Task objective.
A word-for-word copy of the entries is the goal; leave out the pictures.

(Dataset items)

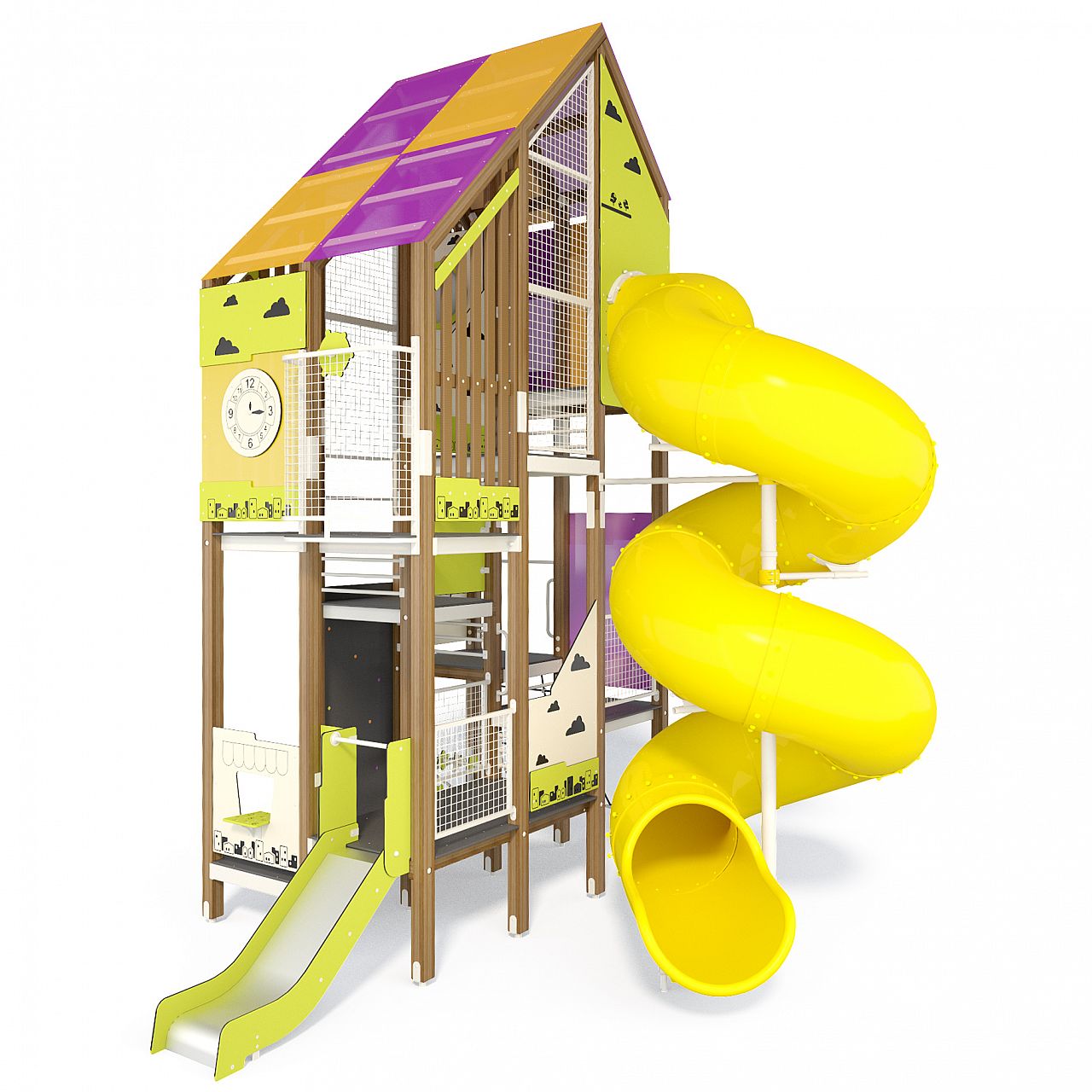 Игровой комплекс InterAtletika Big City-7 ТЕ937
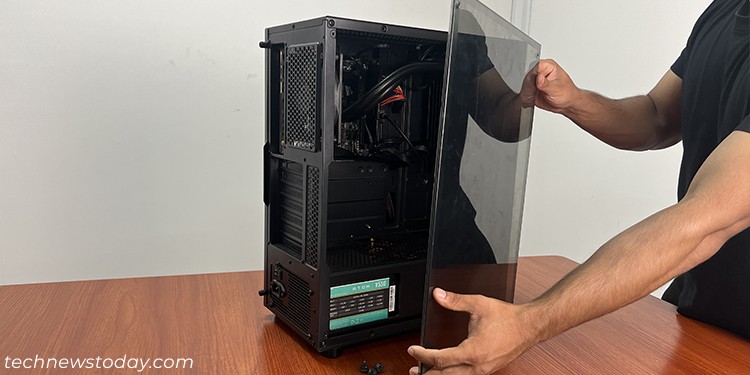 remove-side-panel-clean-radiator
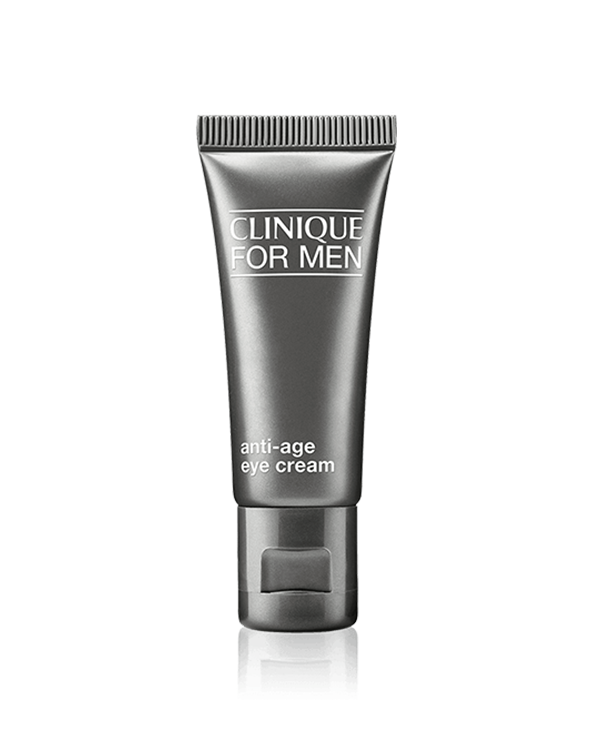 Clinique for Men™ Anti-Age Eye Cream, Ενυδατώνει, αντιμετωπίζει στην περιοχή των ματιών γραμμές, ρυτίδες.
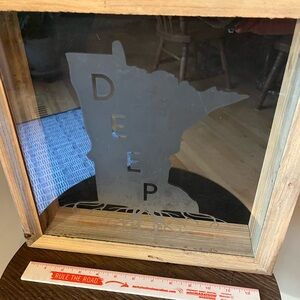 Rustic Wood Framed Wall Decor with etched State Design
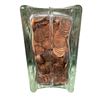 Image 2 : Clear Square Glass Block Full Of Pennies (Usa & Canada)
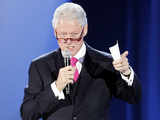 Former US president Bill Clinton speaks at the 'A Decade of Difference' concert 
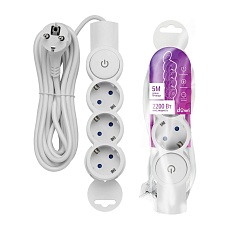 Удлинитель Duwi 3гн 5м с/з 32009 0 1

Response to this task.
 Игровой комплекс InterAtletika Big City-7 ТЕ937
 remove-side-panel-clean-radiator
 Clinique for Men™ Anti-Age Eye Cream, Ενυδατώνει, αντιμετωπίζει στην περιοχή των ματιών γραμμές, ρυτίδες.
 Rustic Wood Framed Wall Decor with etched State Design
 Image 2 : Clear Square Glass Block Full Of Pennies (Usa & Canada)
 Former US president Bill Clinton speaks at the 'A Decade of Difference' concert 
 Удлинитель Duwi 3гн 5м с/з 32009 0 1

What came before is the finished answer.